If you are in a hurry, you are in the wrong place.

That phrase has been plastered to my computer for years. And I do my best to incorporate it into my work style. It isn't natural for me, I am a get-it-done-now, tyranny-of-the-urgent kind of gal and I need reminders. BIG reminders. This is a good one.

Annually, I look at how I handle work and adjust accordingly. Recently it was my annual review and I thought I would share some tips on how I make my work -work!

1. I don't cyber squat. (And Twitter is making it that much harder!). I check my email 4-6 times per day but I actually close it down in between. This prevents me from peeking - just to see what's there and it allows me uninterrupted time on projects. I have also removed the bells and whistles -my funny announcement - there's a message for you, sire -that had me trained better than my dog to quick check who was writing. You know, just quick a minute.

2. I do my best project work in the morning. I am caffeinated, alert and ready to go. I try to do as much head's down, grind it out work without interruption in morning. I save my meetings, when possible, for the afternoon. Granted, it doesn't always work out this way, but I do my best to schedule people time when I haven't a neuron left for reading.

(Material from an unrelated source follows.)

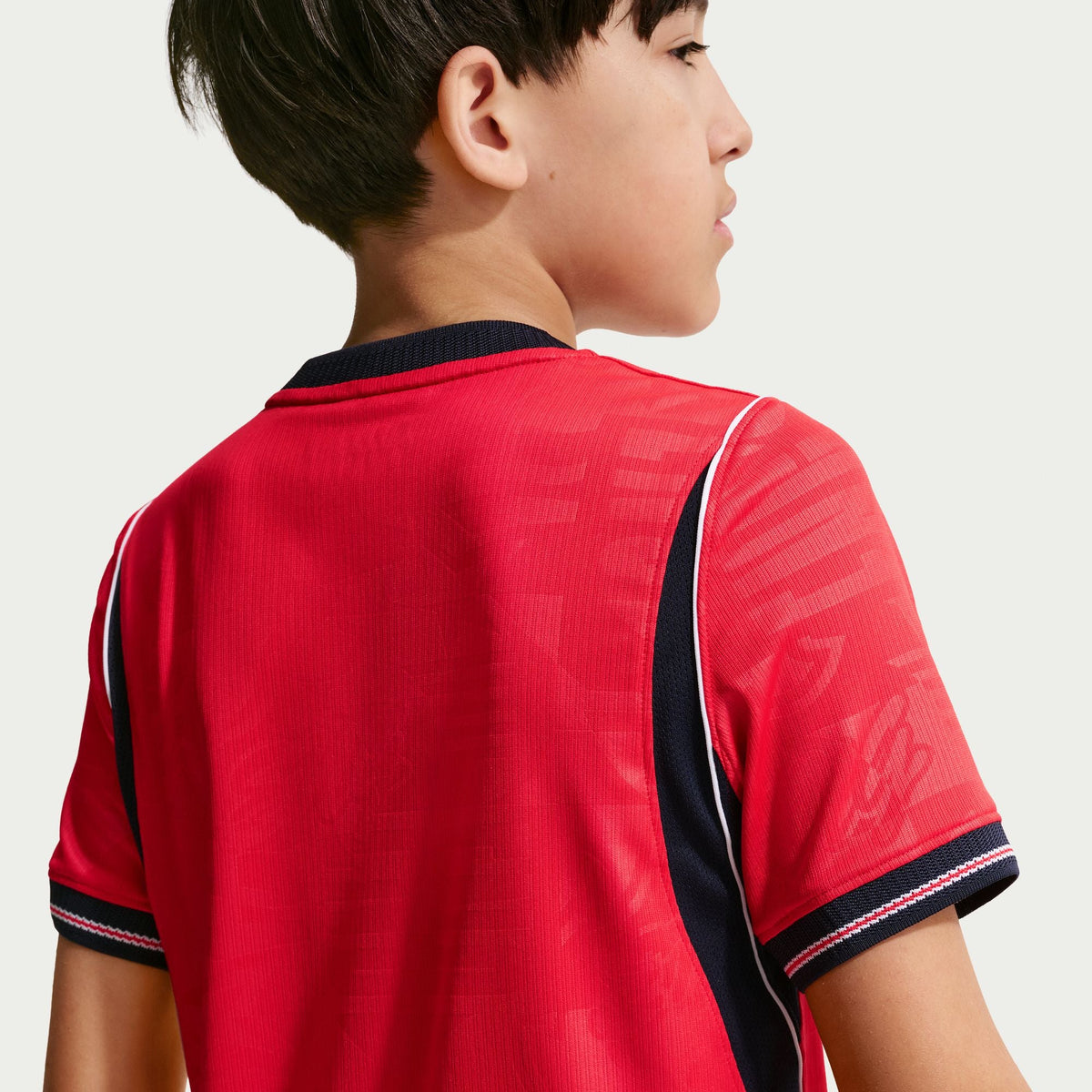 Nike England 2026 Stadium Away Big Kids' Nike Dri-FIT Soccer Replica Jersey product image 3, provided for visual reference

3. I slow it down with people. Much like social work, the reason people come to see me isn't always the reason they come to see me. So if I pay attention, and give them time, I usually get to the reason. It is quite incredible how the question, 'so what else is going on?' will open up the floodgates. The feedback is tremendous and I know it works.

4. I get out more. Two to three times a week, I go work in our beautiful atrium. I spend about an hour sitting with my computer, writing or checking email. The curious thing is that mostly I don't do any work. My goal is to see people. And talk. And connect. And be seen. Last time I sat and worked in the atrium, I talked to 15 people.

5. I change my scenery. Frequently, I will go somewhere other than my office to do work. We have a wonderful library, the atrium, the Pond, etc. Sometimes the office walls look so stale and uninspiring. I encourage my staff to take time out and look for inspiration in other places too.

So shake it a bit. And slow it down.


The Happy Employee said...

Great post. I'm a sucker for productivity stuff, but this article is awesomely refreshing.

I'm good at 1 and 3, but I'll try to implement 2, 4 and 5.

HR Maven said...

Hey thanks for stopping by!

It isn't rocket science but it works for me. I have an employee who writes better in the afternoon so a different clock works for him.

As I remind myself when I leave work - so much of this will be here in the AM.